Das ist der Schauplatz dieses Debütromans, der uns in eine surreale Parallelwelt entführt. Ruth ist nach dem Unfalltod ihrer Eltern auf der Suche nach Groß-Einland, deren Geburtsort, an dem sie nach ihrem letzten Wunsch auch beerdigt werden möchten. Doch dieser Ort ist nirgends verzeichnet, es scheint ihn gar nicht zu geben. Ohne Karte und Navigation macht sich Ruth auf die Suche, geleitet von Erinnerungen an Erzählungen über diesen Ort und trifft auf ihrer tagelangen Reise schließlich auf zwei Männer, die genau dorthin wollen: nach Groß-Einland. Über Stock und Stein, tief in den Wald führt der Weg und man fühlt sich ein bisschen wie bei Alice im Wunderland, denn dies ist wahrlich kein gewöhnlicher Ort. Hier scheint die Zeit stehen geblieben zu sein, über der mittelalterlich anmutenden Stadt herrscht eine Gräfin, die alle Fäden des gesellschaftlichen und politischen Lebens in der Hand hält. Sie ist die uneingeschränkte Herrscherin der auf den ersten Blick idyllisch anmutenden kleinen Gemeinde.
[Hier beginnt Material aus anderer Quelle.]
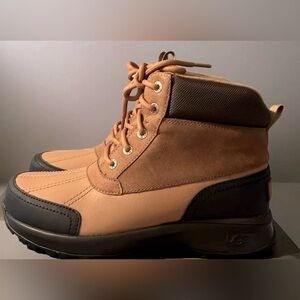 UGG NIB Emmet Men’s Duck Boot Chestnut Brown Waterproof SZ 10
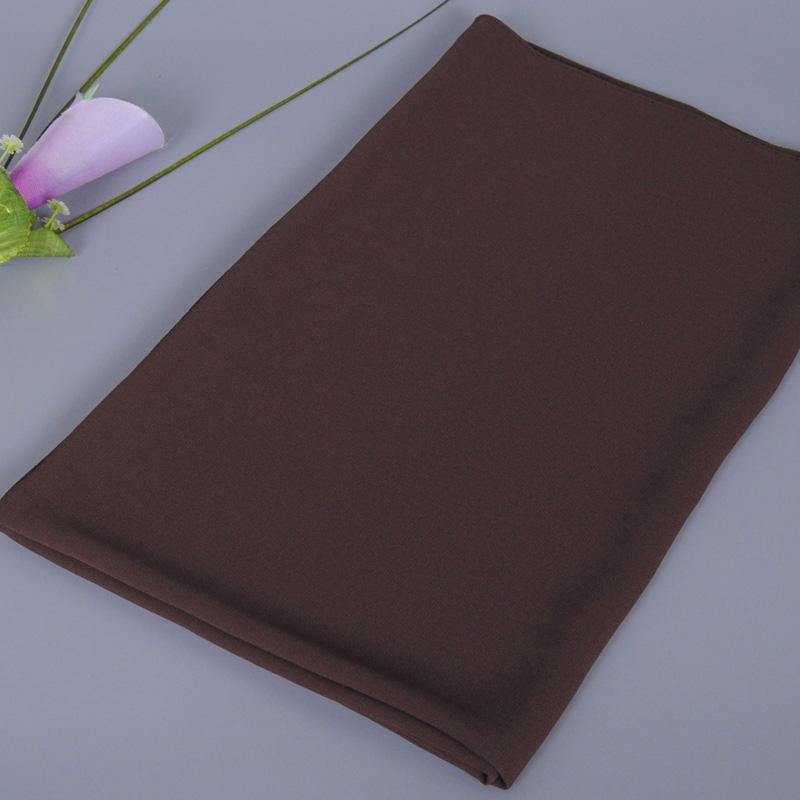 Bubble Chiffon Double Loop Instant Hijab Scarf Women Muslim Shawl Cape Foulard Islamic Headscarf Femme Musulman Bandana 180*75cm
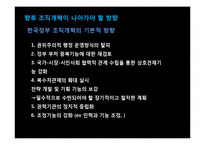 [행정조직론] 한국정부의 조직개혁과 나아갈 방향 제시-20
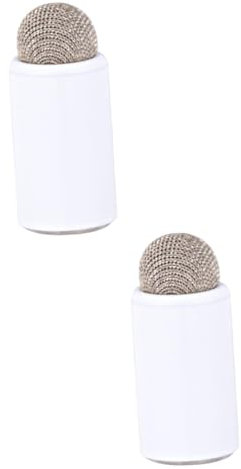 Artibetter 2stücke Schutzkappe Für Stylus Stift Austauschspitze Für Pencil Weiß Leitfähige Stoffspitze Ersatzteil Für Stiftartige Eingabegeräte Schützende Abdeckung Kompatibel Mit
Doch der Schein trügt. Beim genaueren Hinsehen stellt man fest: Der Kirchturm steht schief, Straßen und Plätze senken sich ab und tiefe Risse zeichnen die Häuser, notdürftig verborgen durch die Reparaturversuche der Bewohner, die dem fortschreitenden Verfall der Stadt nicht wirklich Herr werden. Denn die Ursache sitzt viel tiefer.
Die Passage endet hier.